The first residential school was opened in 1840 and the last one closed as recently as 1996.

In 2008, the Canadian government apologized for these actions, but that was not enough. They also put in place a “Truth and Reconciliation Commission” to study the history and gather information from people who had been put in residential schools.

The idea is that by listening and talking about the damage done, we can begin to learn about the harm that befell the people who were placed in residential schools—and then, it is hoped, the present generations can come to some kind of an understanding.

The Commission produced a report with 94 recommendations for the government.

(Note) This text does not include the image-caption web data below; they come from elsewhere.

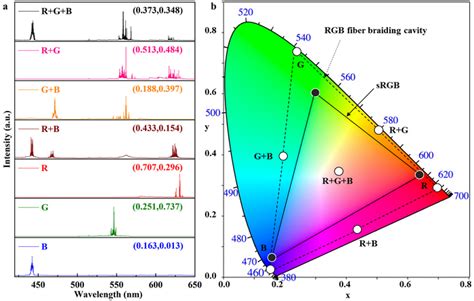 Full Color Wgm Lasing In Fiber Image Eurekalert Science News Releases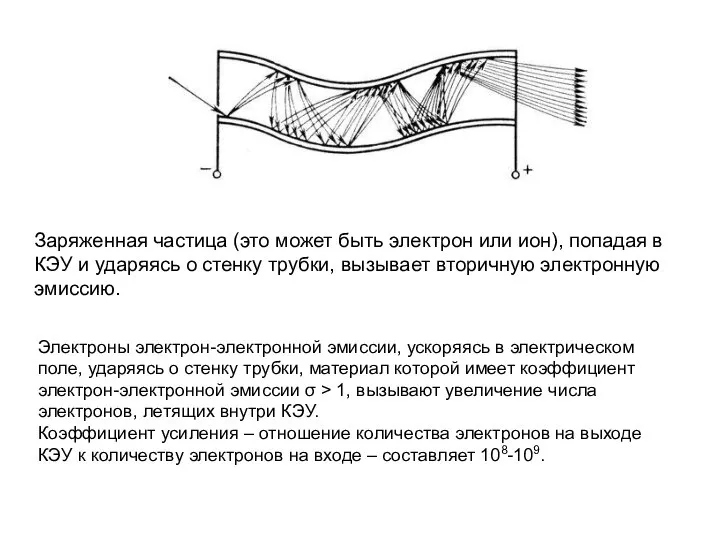 Заряженная частица (это может быть электрон или ион), попадая в КЭУ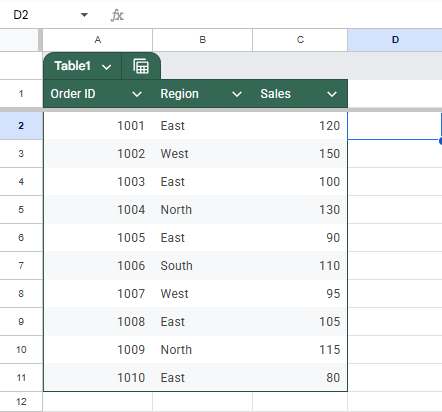 Sum Values When a Cell Matches Exact Text Using SUMIF in Google Sheets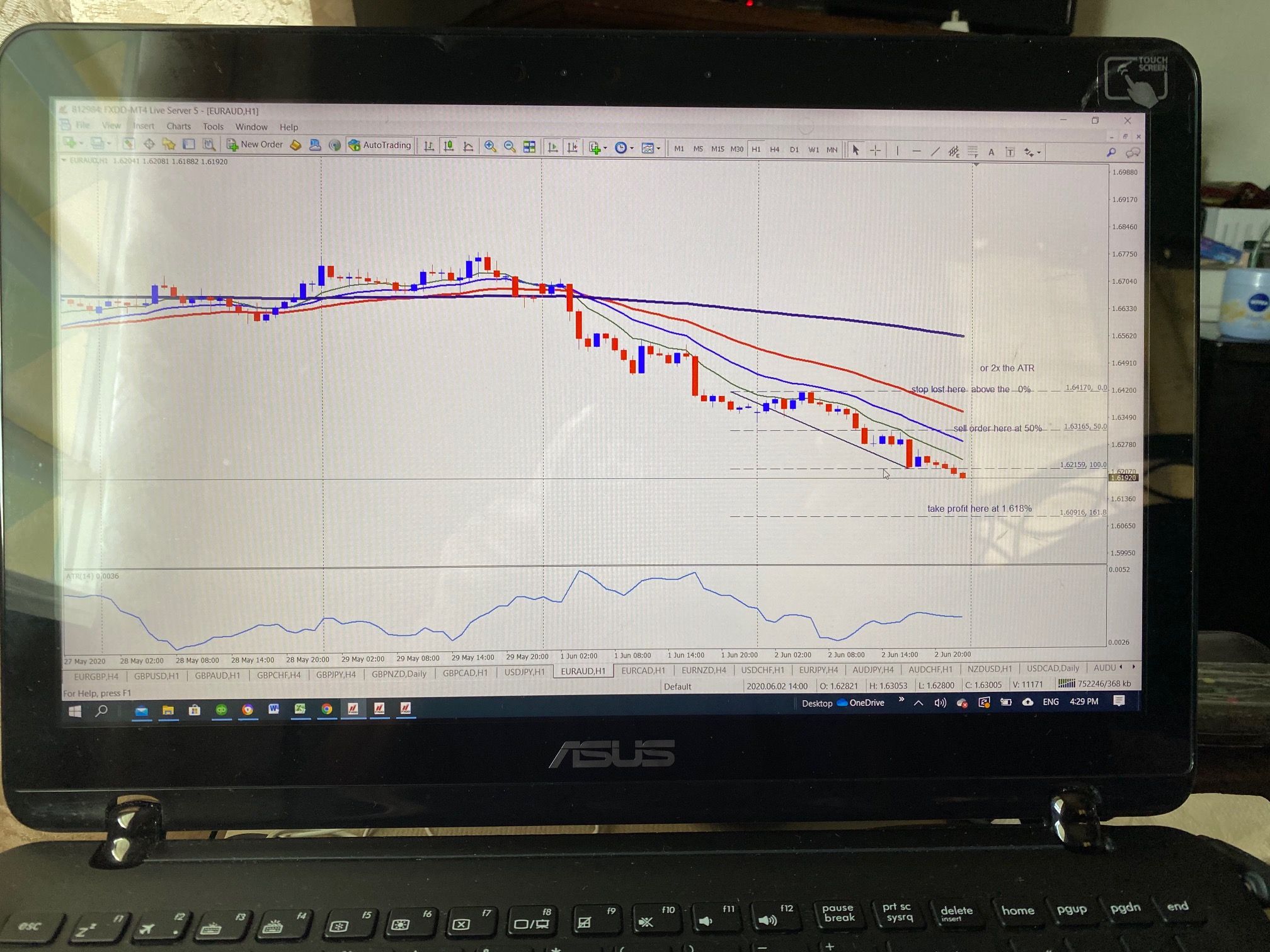 0_1591130248557_fx chart for ea.jpg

In this case, that means things the government should do differently.

Recently, more than 10,000 aboriginal people gathered in Ottawa to mark the final stage of the Truth and Reconciliation Commission.

Now, Canadians will wait to see whether the government will follow up on the recommendations made in the report.

CURRICULUM CONNECTIONS
By Kathleen Tilly

Writing/Discussion Prompt
As the article explains, thefirst residential school was opened in 1840 and the last one closed as recently as 1996.” However, the Canadian government did not apologize for the mistreatment of indigenous people until 2008. Why do you think it took the government so long to apologize?

Reading Prompt: Extending Understanding
The article states, “In 2008, the Canadian government apologized for these actions, but that was not enough.”

Using your own experiences and knowledge of other world events, answer the following question: Is an apology ever enough? 

Junior
Extend understanding of texts by connecting the ideas in them to their own knowledge, experience, and insights, to other familiar texts, and to the world around them (OME, Reading: 1.6).

Intermediate
Extend understanding of texts, including increasingly complex or difficult texts, by connecting the ideas in them to their own knowledge, experience, and insights, to other familiar texts, and to the world around them (OME, Reading: 1.6).

Language Feature: Word Choice
In order to examine Canadian residential schools and the impact they had on indigenous people, the “Truth and Reconciliation Commission” was created. What do the words truth and reconciliation mean? Do you think the name of the commission accurately describes what they are trying to do?